2022-04-12 02:45 AM
I decided to run an experiment on my STM32F767ZI microcontroller. I turned on the cycle count register (DWT->CYCCNT) and decided to run the program step by step on Keil. I set the clock to the maximum amount possible with a PLL on this MCU, which is 216 MHz. I found out that stepping into __nop() will add a value of 17 to the CYCCNT register. I tried this experiment multiple times and every time I got the same result.
What may the reason be? I thought that __nop() will only take one clock to finish?
Solved! Go to Solution.
2022-04-12 05:34 AM
Isn't the design synchronous? The machine cycles shouldn't care if it's 216 or 42 MHz
The debugger is invasive, you need to benchmark normal running operation, measure the elapsed time for 100x NOP in a loop ten times. Then compute the throughput.
2022-04-12 05:10 AM
Are you stepping through C source or disassembly? The M7 core has a more complicated pipeline and cycles per instruction are not always constant compared to a simpler core like the M4 (where they still may not be constant, but are much more consistent).

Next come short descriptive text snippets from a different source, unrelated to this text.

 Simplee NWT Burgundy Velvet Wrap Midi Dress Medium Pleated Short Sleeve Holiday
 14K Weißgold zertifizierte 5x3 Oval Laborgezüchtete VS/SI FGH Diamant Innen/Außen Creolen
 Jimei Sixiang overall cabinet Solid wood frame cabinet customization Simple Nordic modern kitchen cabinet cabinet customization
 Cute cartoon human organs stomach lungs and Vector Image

The debugger strives to work the same as if it were in run mode, minus the pauses, but it's not always the case. I would imagine comparing CYCCNT before/after a NOP would result in much less than 17 when in run mode.
2022-04-12 05:34 AM
Isn't the design synchronous? The machine cycles shouldn't care if it's 216 or 42 MHz
The debugger is invasive, you need to benchmark normal running operation, measure the elapsed time for 100x NOP in a loop ten times. Then compute the throughput.
2022-04-12 05:56 AM
> The machine cycles shouldn't care if it's 216 or 42 MHz
No; but they will care if the instruction is fetched from FLASH, and its latency is set to different values for the two different frequencies.

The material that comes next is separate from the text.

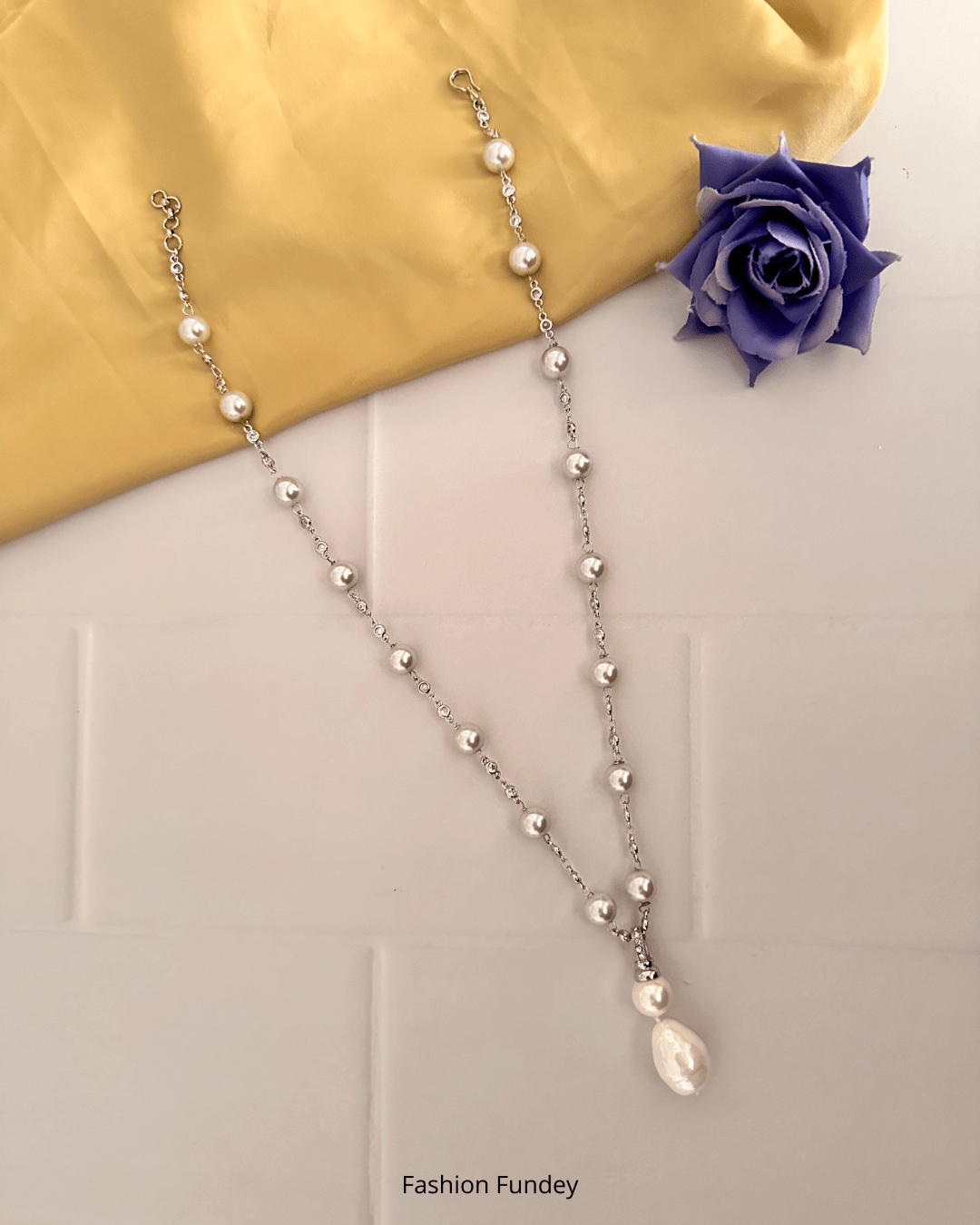 White Matsya Detachable Pearl Mala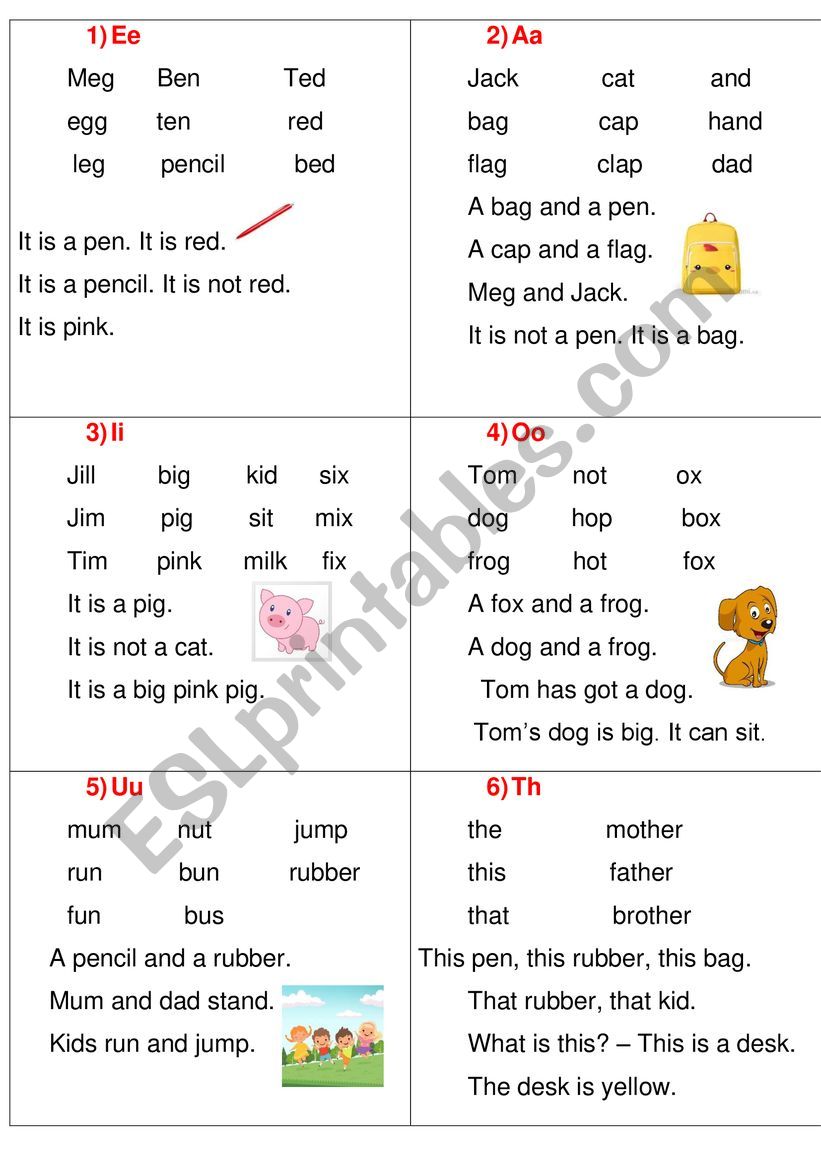 Phonics reading worksheet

Also, in Cortex-M7, NOP may be executed in 0 cycles, too.
JW
2022-04-13 01:20 AM
Yup, this was the answer. The debugger was messing the clock up.
I put 100 nops and decided to measure the DWT->CYCCNT between the start of the first one and the end of the last one, and ended up with a difference of 93.
I don't know why it's not exactly 100, but still, it fits the fact that every __nop() takes one clock.